A kite is $300\,m$ high and there are $500\,m$ of cord out. If the wing moves the kite horizontally at the rate of $5$ kilometres per hour directly away from the person who is flying it, the rate at which the cord is being paid is?
A. $2$ kilometres per hour
B. $4$ kilometres per hour
C. $6$ kilometres per hour
D. $8$ kilometres per hour

Answer 1

The kite has a certain height, and the cord extends to a certain height, as mentioned in the question. We must now determine the rate at which the cord is being paid out if the kite is flying horizontally at a speed of five kilometres per hour. First, we'll figure out the height-cord equation, and then we'll figure out the pace by differentiating the obtained equation.

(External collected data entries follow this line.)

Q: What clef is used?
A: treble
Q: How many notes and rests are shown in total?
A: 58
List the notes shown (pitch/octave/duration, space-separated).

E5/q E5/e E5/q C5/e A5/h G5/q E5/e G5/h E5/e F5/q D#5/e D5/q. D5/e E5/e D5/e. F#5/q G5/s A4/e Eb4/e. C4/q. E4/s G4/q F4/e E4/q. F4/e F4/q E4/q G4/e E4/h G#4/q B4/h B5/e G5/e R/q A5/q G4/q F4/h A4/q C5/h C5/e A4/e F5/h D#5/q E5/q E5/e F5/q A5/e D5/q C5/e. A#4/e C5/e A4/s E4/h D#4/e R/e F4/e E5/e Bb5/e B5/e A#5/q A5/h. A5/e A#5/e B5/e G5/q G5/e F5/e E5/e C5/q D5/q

Complete step by step answer:
We are given that a kite is flying at $300\,m$ height and length of cord that is out is $500\,m$. We know that the height of cord, the length of cord and the base of ground makes a right angled triangle as shown in the figure below.

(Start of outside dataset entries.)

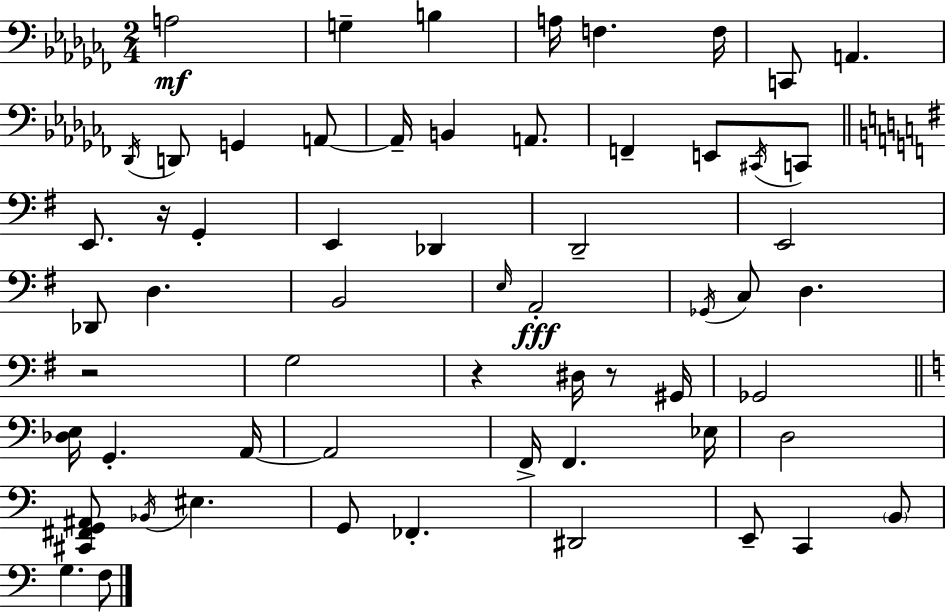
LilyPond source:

{
  \clef bass
  \numericTimeSignature
  \time 2/4
  \key aes \minor
  a2\mf | g4-- b4 | a16 f4. f16 | c,8 a,4. | \break \acciaccatura { des,16 } d,8 g,4 a,8~~ | a,16-- b,4 a,8. | f,4-- e,8 \acciaccatura { cis,16 } | c,8 \bar "||" \break \key g \major e,8. r16 g,4-. | e,4 des,4 | d,2-- | e,2 | \break des,8 d4. | b,2 | \grace { e16 } a,2-.\fff | \acciaccatura { ges,16 } c8 d4. | \break r2 | g2 | r4 dis16 r8 | gis,16 ges,2 | \break \bar "||" \break \key c \major <des e>16 g,4.-. a,16~~ | a,2 | f,16-> f,4. ees16 | d2 | \break <cis, fis, g, ais,>8 \acciaccatura { bes,16 } eis4. | g,8 fes,4.-. | dis,2 | e,8-- c,4 \parenthesize b,8 | \break g4. f8 | \bar "|."
}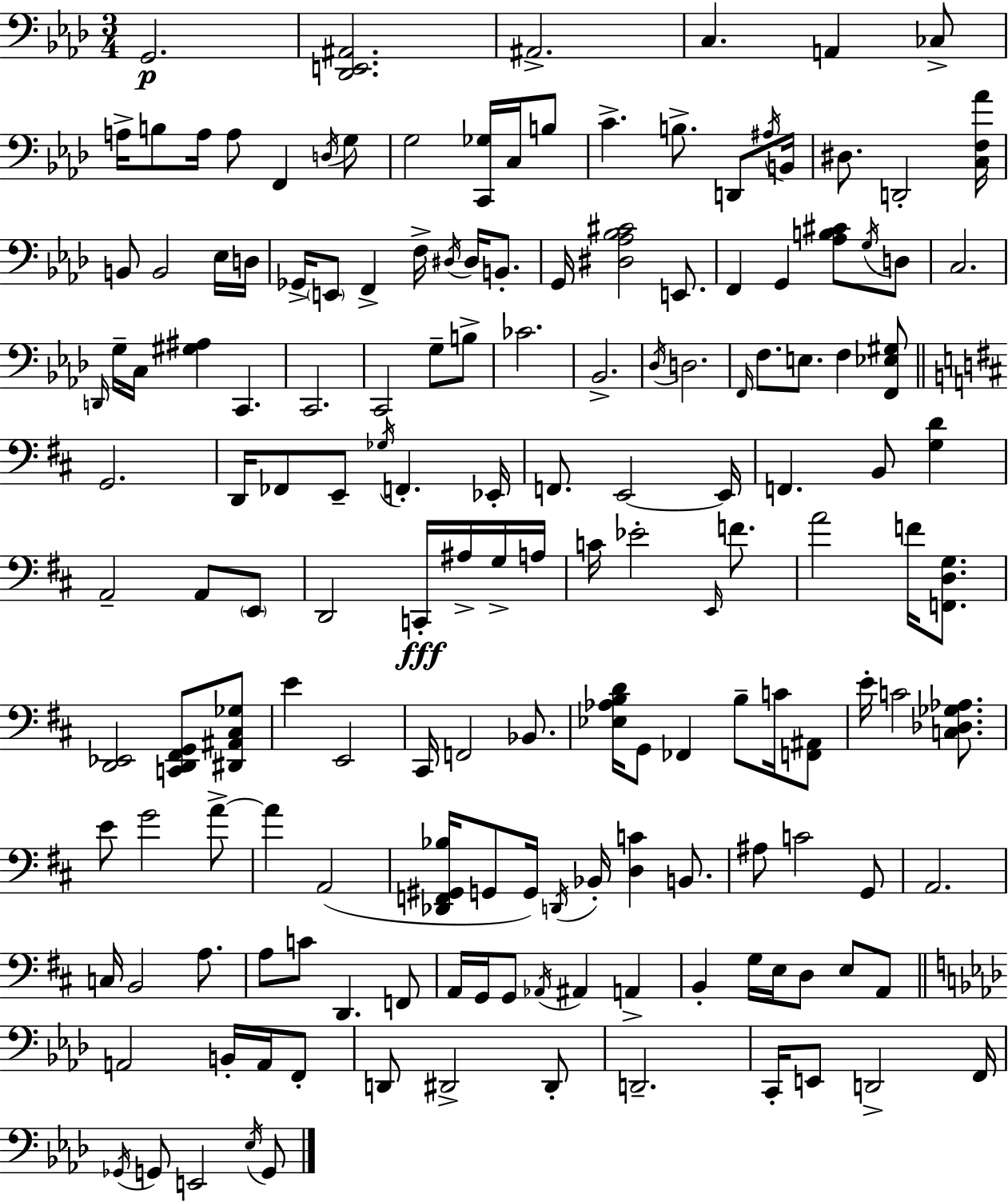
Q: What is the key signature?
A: F minor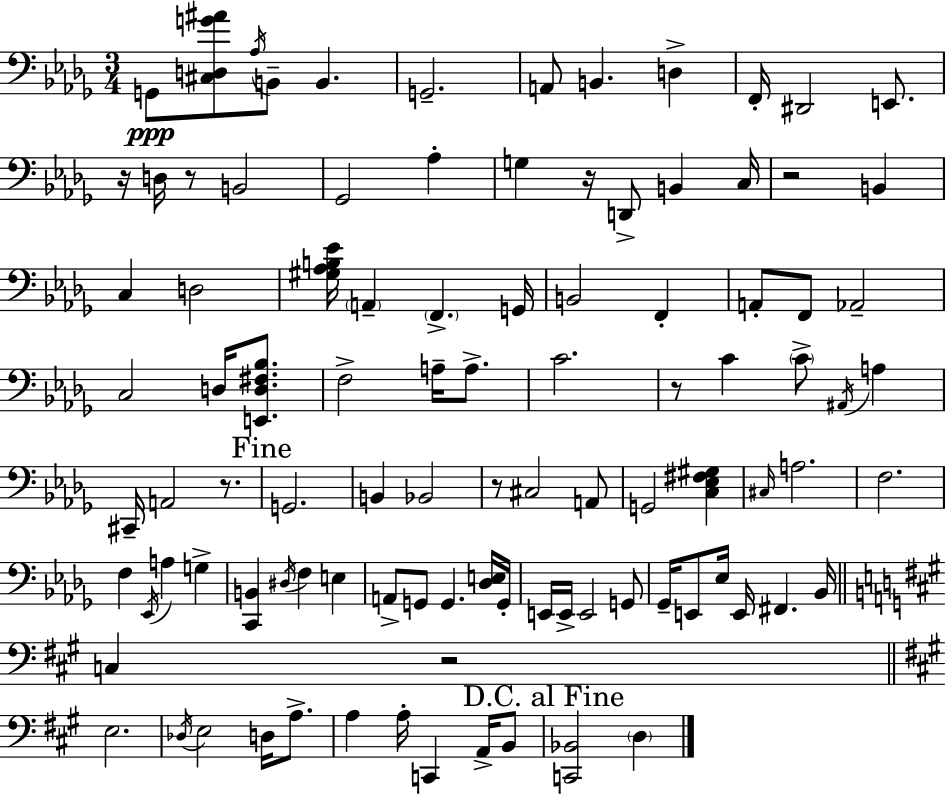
{
  \clef bass
  \numericTimeSignature
  \time 3/4
  \key bes \minor
  g,8\ppp <cis d g' ais'>8 \acciaccatura { aes16 } b,8-- b,4. | g,2.-- | a,8 b,4. d4-> | f,16-. dis,2 e,8. | \break r16 d16 r8 b,2 | ges,2 aes4-. | g4 r16 d,8-> b,4 | c16 r2 b,4 | \break c4 d2 | <gis aes b ees'>16 \parenthesize a,4-- \parenthesize f,4.-> | g,16 b,2 f,4-. | a,8-. f,8 aes,2-- | \break c2 d16 <e, d fis bes>8. | f2-> a16-- a8.-> | c'2. | r8 c'4 \parenthesize c'8-> \acciaccatura { ais,16 } a4 | \break cis,16-- a,2 r8. | \mark "Fine" g,2. | b,4 bes,2 | r8 cis2 | \break a,8 g,2 <c ees fis gis>4 | \grace { cis16 } a2. | f2. | f4 \acciaccatura { ees,16 } a4 | \break g4-> <c, b,>4 \acciaccatura { dis16 } f4 | e4 a,8-> g,8 g,4. | <des e>16 g,16-. e,16 e,16-> e,2 | g,8 ges,16-- e,8 ees16 e,16 fis,4. | \break bes,16 \bar "||" \break \key a \major c4 r2 | \bar "||" \break \key a \major e2. | \acciaccatura { des16 } e2 d16 a8.-> | a4 a16-. c,4 a,16-> b,8 | \mark "D.C. al Fine" <c, bes,>2 \parenthesize d4 | \break \bar "|."
}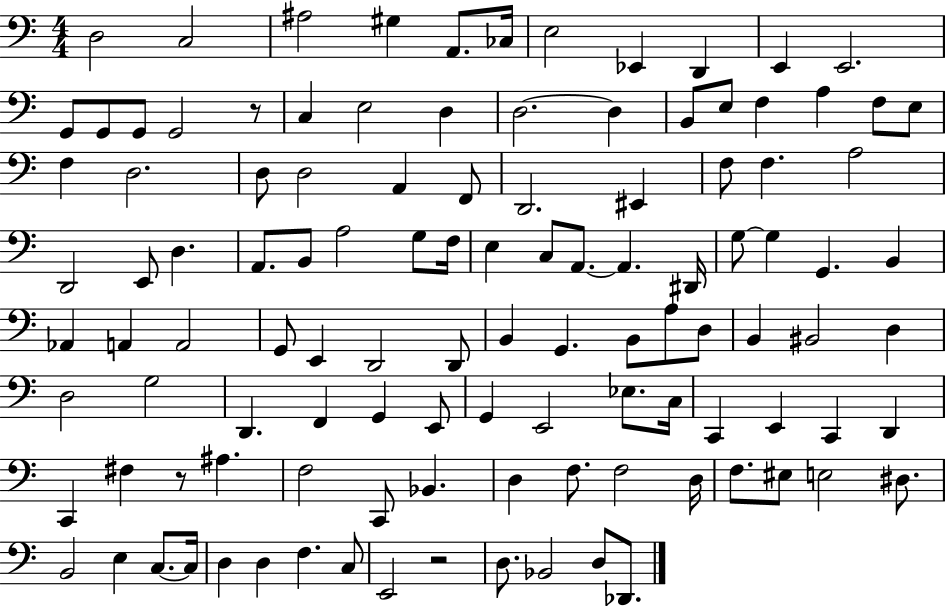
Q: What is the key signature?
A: C major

So, we use the Pythagoras theorem in the right angled triangle,
${h^2} + {b^2} = {l^2} - - - - \left( 1 \right)$
where h is the height of the kite, b is the base of the ground and l is the length of the cord.
So, we first calculate the value of distance of base of ground from person to the kite.
So, substituting the value of height of kite and length of cord, we get,
$\Rightarrow {\left( {300m} \right)^2} + {b^2} = {\left( {500m} \right)^2}$
Shifting the terms of the equation and computing the square of terms, we get,
$\Rightarrow {b^2} = {\left( {500m} \right)^2} - {\left( {300m} \right)^2}$
$\Rightarrow {b^2} = 250000\,{m^2} - 90000\,{m^2}$
$\Rightarrow {b^2} = 160000\,{m^2}$
Taking square root on both sides of the equation and considering only the positive value as length cannot be negative.
$\Rightarrow b = 400m$

Now differentiating the equation $\left( 1 \right)$ using the chain rule of differentiation, we get,
$\Rightarrow 2h\dfrac{{dh}}{{dt}} + 2b\dfrac{{db}}{{dt}} = 2l\dfrac{{dl}}{{dt}}$
Now, we height of kite $= h = 300\,m$
Length of cord $= l = 500\,m$
Distance along base of ground from person to kite $= b = 400\,m$
Also, the speed of kite horizontally away from the person$= \dfrac{{db}}{{dt}} = 5kmph = \dfrac{{5000m}}{{1hr}}$
Since the height of the kite remains constant. Hence, we have, $\dfrac{{dh}}{{dt}} = 0kmph = \dfrac{{0m}}{{1hr}}$.
We have to find the value of $\dfrac{{dl}}{{dt}}$ from the equation.
Now, substituting the value of the known quantities in the equation, we get,
$2\left( {300m} \right)\left( {\dfrac{{0m}}{{1hr}}} \right) + 2\left( {400m} \right)\left( {\dfrac{{5000m}}{{1hr}}} \right) = 2\left( {500m} \right)\left( {\dfrac{{dl}}{{dt}}} \right)$

Simplifying the equation, we get,
$\Rightarrow 800 \times 5000 = 1000\left( {\dfrac{{dl}}{{dt}}} \right)$
Dividing both sides of the equation by $1000$, we get,
$\Rightarrow 800 \times 5 = \left( {\dfrac{{dl}}{{dt}}} \right)$
$\therefore \left( {\dfrac{{dl}}{{dt}}} \right) = 4000$
Therefore, we get a rate at which the card is being paid as $4000$ metres per hour or $4$ kilometres per hour. So, actually if the wind moves the kite horizontally at the rate of $5$ kilometres per hour directly away from the person who is flying it, the rate at which the cord is being paid is $4$ kilometres per hour.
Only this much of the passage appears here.